The old bridge, though safe, is in need of costly maintenance and even if repaired will not be long-lasting. Caltrans and the Port of Long Beach, therefore, decided to replace the bridge. The old bridge will be demolished once the new bridge is complete.

The new cable styled bridge will connect Ocean Boulevard to State Route (SR) 710 Freeway in Long Beach. The bridge is an extension of SR 710 to SR 47 in Terminal Island. It is designed to have a lifespan of 100 years.

The plan to replace the bridge was approved by Long Beach Board of Harbor Commissioners in August 2010. The project was approved by the California Transportation Commission in November 2010. The new Gerald Desmond Bridge will be included in the state highway system and become the property of the state.

New Gerald Desmond Bridge design

The new bridge will be 610m (2,001ft) long. It will include 305m (1,001ft) of main span and 2km (6,562ft) long access viaducts.
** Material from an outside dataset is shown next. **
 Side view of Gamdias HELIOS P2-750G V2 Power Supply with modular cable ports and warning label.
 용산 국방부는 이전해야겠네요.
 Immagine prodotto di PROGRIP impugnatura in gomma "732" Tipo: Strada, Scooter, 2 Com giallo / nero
The bridge will also include 152.5m-long side spans and around 1,000m-long approaches on either end. It will be built parallel to and north of the existing bridge and include two 150m (492ft) high mast towers.

The new state-of-the-art bridge will include several upgrades. The old bridge has four lanes (two lanes in each direction) and a climbing lane. To better serve traffic, the new bridge will be wider with six lanes (three lanes in each direction) and include emergency lanes on either side.
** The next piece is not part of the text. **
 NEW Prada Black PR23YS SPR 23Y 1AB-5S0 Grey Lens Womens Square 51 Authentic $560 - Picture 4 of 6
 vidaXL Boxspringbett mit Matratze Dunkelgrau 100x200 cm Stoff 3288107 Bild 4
Steep grades and a lack of shoulders on the existing bridge often resulted in the failure of vehicles causing congestion and delaying emergency vehicles. The emergency lanes of the new bridge will minimise delays, enhance safety and provide access for the emergency vehicles.

The vertical clearance of the bridge will be increased from 155ft (47m) to 200ft (61m) above water. This will enable the entry of the latest Post Panamax ships into the port.

Construction of the major Californian bridge

The earthquake-resistant bridge structure will have towers with semi-circular shaped concrete columns, which are linked by steel shear and tension links. Steel edge girders placed longitudinally and steel floor beams placed transversely will support the bridge deck.

“Upon its completion, the project will cater to the future transportation and cargo demands of the region.”

The deck on the girder side will be supported by a 12m-spaced splayed cables. The bridge’s approaches will be made of concrete segmental box girders. Construction of the bridge will also include approaches and ramps. Design efforts have been focused on the easy transition of alignment from approaches to the bridge and a smooth inclusion of on and off ramps. Pedestrian and bike paths will also be constructed.

Terminal Island East Interchange and the I-710/ Interchange will be rebuilt. The interchanges connecting Ocean Boulevard and SR 710, Pico Avenue, Pier E and Pier D will also be upgraded.

The complex project plans to continue road, rail and cargo services from and to the port of Long Beach during the construction period. Railway lines, oil wells and thermo power plants along with many other subservices interfering with the project will be relocated.

Gerald Desmond Bridge contractors and funding

In July 2012, Long Beach Board of Harbor Commissioners awarded a $649.5m design-build contract for the project to the SFI JV. The JV is owned by Shimmick Construction (40%), FCC Construction (30%) and Impregilo (30%). Subcontractors include Arup North America and Biggs Cardosa Associates.

Denmark-based DISSING+WEITLING is the architect for the bridge. Preliminary engineering services for the main span and approaches of the bridge were provided by the Parsons Corporation and HNTB JV.

The project is being financed through a $325m loan from the Transportation Infrastructure Finance and Innovation Act (TIFIA), $17.3m from LA Metro, $117m from Port of Long Beach, $153.7m from state/Caltrans funds and $675m from federal funds.